The office of transfer agent may be regarded as a permanent institution; it should certainly be reckoned with as such. A trust company occupying this office assumes a twofold obligation; certainly it assumes a twofold relation: first, to the corporation for which it acts as agent, which we will designate the principal; and, second, to those who have an interest in the stock transferred.

The relation between the agent and the principal is usually created by a resolution of the board of the latter designating the company as transfer agent, accompanied by the payment of an agreed sum, which is supposed to compensate the agent for the clerical work involved in making transfers during the succeeding twelve months; the compensation is based upon the anticipated activity of the stock. By clear implication the agent holds itself out as competent to discharge the duties of the office. What are those duties?

Broadly speaking, the agent agrees to perform for the principal the work of passing upon the evidence of transfer of title to the principal's stock, and of perfecting such transfers as are in proper shape by the due notation of the transfer and the issue of a new certificate. If no agent were appointed, the corporation principal would itself perform all this work, and, of course, all the liabilities incident thereto, would rest upon it; and such was the case until the custom and office in question were created. But having appointed such agent, what measure of responsibility to the principal attaches to the agency, and is impliedly assumed by the agent in accepting the office?

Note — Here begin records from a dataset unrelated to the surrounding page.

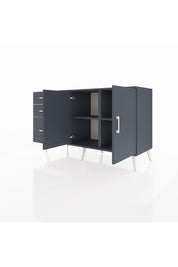 Kronos Konsol 2 Raflı 3 Çekmeceli 2 Kapaklı 132x59x83 - S606M044V17C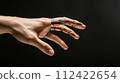 Human robot cyborg hand with artificial intelligence 112422654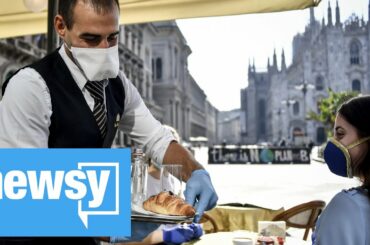 How Is Italy Managing The Reopening Of Bars And Restaurants?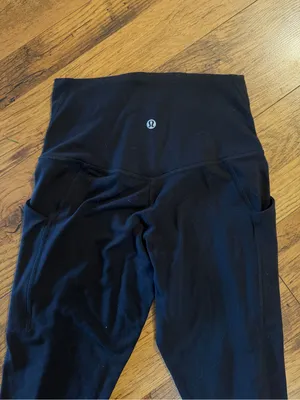 lululemon athletica Black High-Rise Leggings thumbnail 2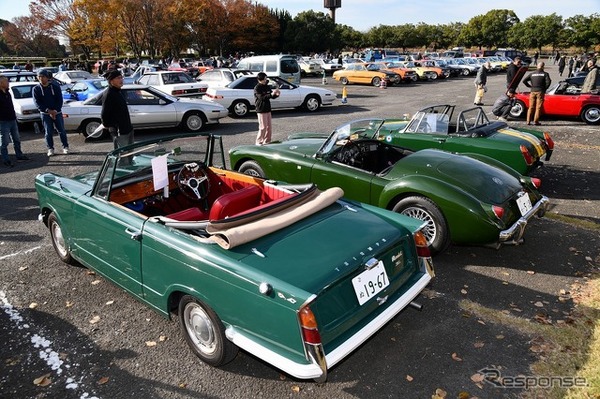 第4回トダクラシックカー同窓会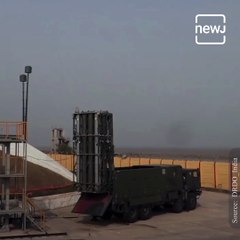 DRDO Successfully Tests Medium Range Surface To Air Missile For Indian Army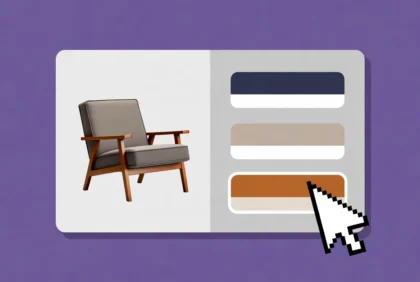 Selecting product variations on WooCommerce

At this point we pass beyond the circle of light thrown by established law, and find ourselves involved in uncertainty and doubt. Is the relation so established between the principal and agent that of simple agency, to which the usual law of such relation may be applied with certainty, and the liability of the agent may be considered with confidence as limited to the consequences of lack of good faith and ordinary skill, competency, and knowledge? Or must the duties assumed by the agent be so performed as to satisfy the requirements of the situation, which would exist if no agent had been appointed, but the principal had remained in direct touch with its stockholders, and without the interposition of any intermediary? In other words, must the agent so perform its duties as fully to discharge the responsibility which the principal is under to its stockholders in all that pertains to the preservation of the stockholders' interest and title, until such interest and title is duly divested and transferred, and is the agent responsible for all consequences ensuing to the principal from a failure so to perform its duties?

In an effort to reach a conclusion upon the measure of responsibility assumed, it should be borne in mind that the creation of the office is, apparently at least, due to pressure rather from without than from within the corporation. This creation is not due to the requirements of business facilities and convenience of the corporation in perfecting the current transfers of its stock, but is due, certainly in great measure, to influences outside the corporation to a demand for security not afforded within the corporation's own organization, and consequently sought for outside that organiza

tion, through a separate existence, removed as far as possible from the influences and control of that organization.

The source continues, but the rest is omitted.